TASK >>
Only the lines from the one containing "Image 990516_ALTMORE4.jpg, Product" through the last line of the data below belong in your answer, copied exactly and without pictures.

GIVEN INFORMATION >>
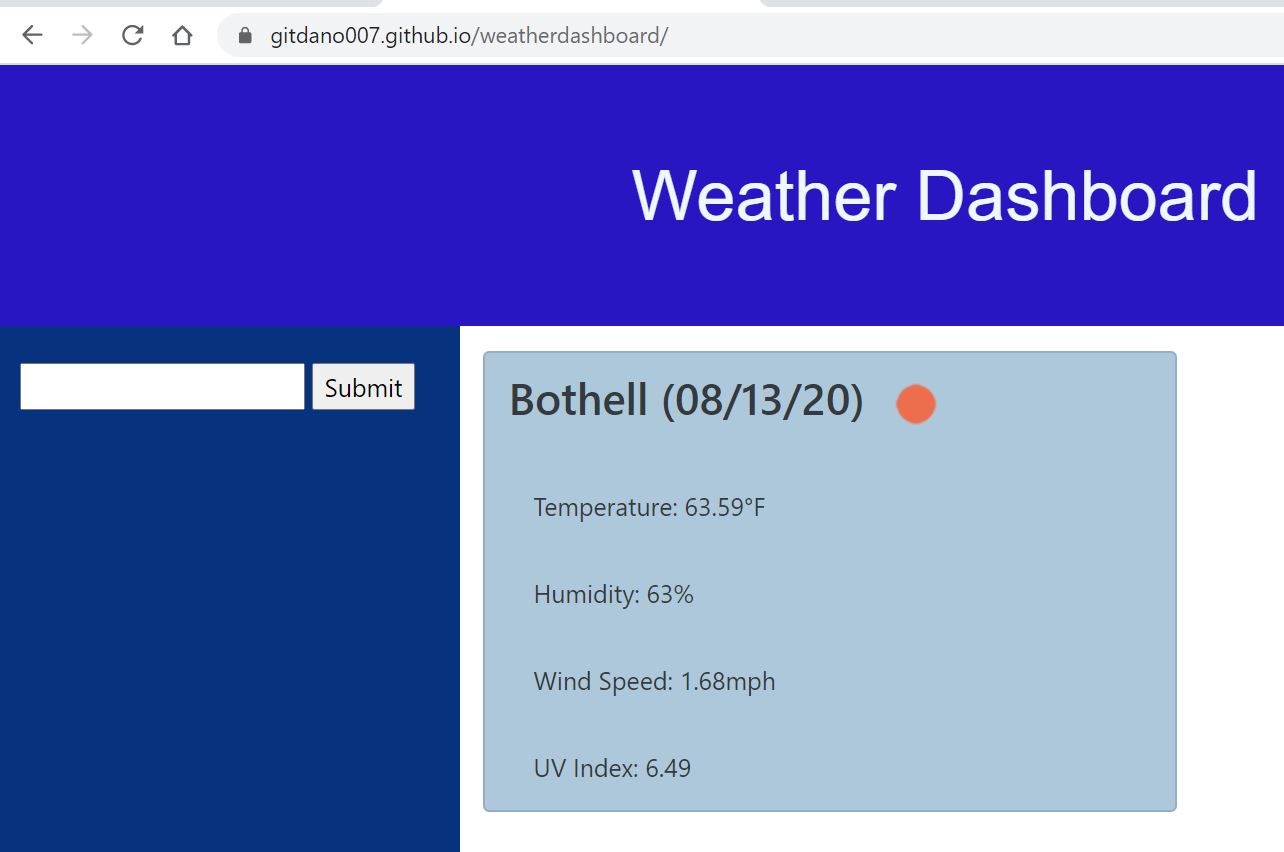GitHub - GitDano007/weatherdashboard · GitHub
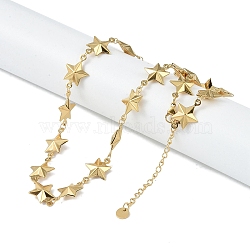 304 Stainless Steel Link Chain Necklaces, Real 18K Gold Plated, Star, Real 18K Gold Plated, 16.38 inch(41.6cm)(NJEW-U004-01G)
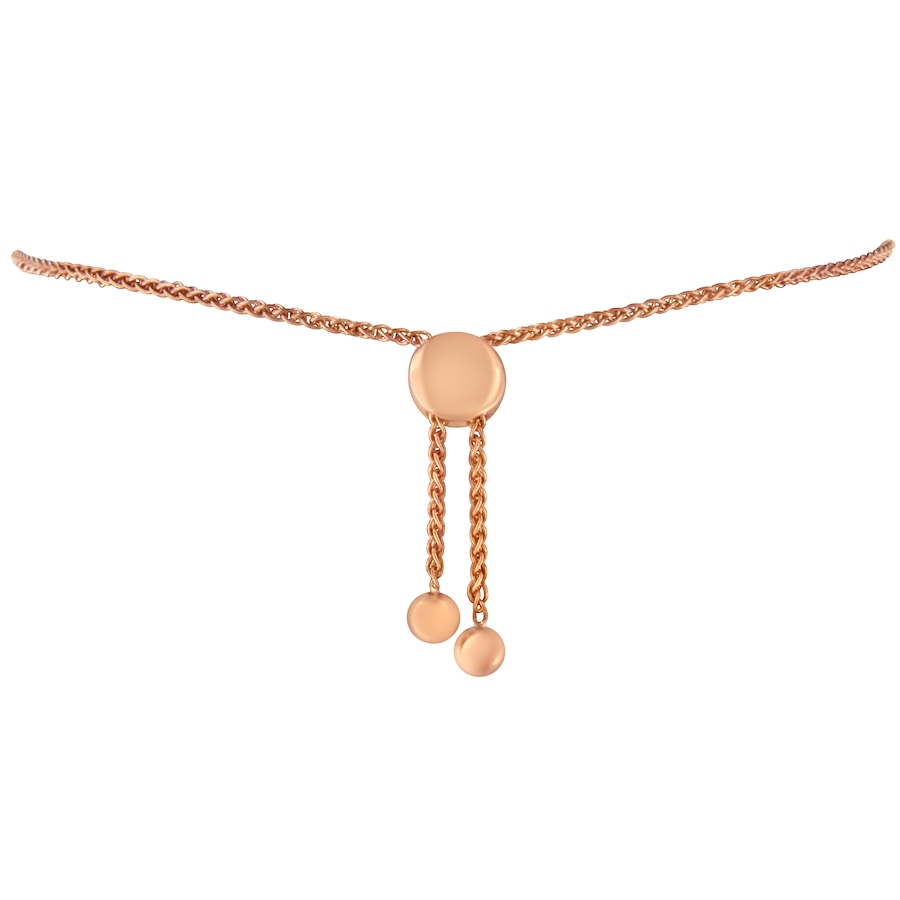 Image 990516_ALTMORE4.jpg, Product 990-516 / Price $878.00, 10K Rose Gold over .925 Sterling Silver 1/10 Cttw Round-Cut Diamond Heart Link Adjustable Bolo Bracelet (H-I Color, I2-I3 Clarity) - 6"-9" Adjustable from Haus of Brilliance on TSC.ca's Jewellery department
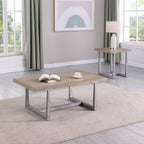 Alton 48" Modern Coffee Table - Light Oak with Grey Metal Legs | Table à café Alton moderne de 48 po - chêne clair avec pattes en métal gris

ANSWER TO THIS PROBLEM >>
 Image 990516_ALTMORE4.jpg, Product 990-516 / Price $878.00, 10K Rose Gold over .925 Sterling Silver 1/10 Cttw Round-Cut Diamond Heart Link Adjustable Bolo Bracelet (H-I Color, I2-I3 Clarity) - 6"-9" Adjustable from Haus of Brilliance on TSC.ca's Jewellery department
 Alton 48" Modern Coffee Table - Light Oak with Grey Metal Legs | Table à café Alton moderne de 48 po - chêne clair avec pattes en métal gris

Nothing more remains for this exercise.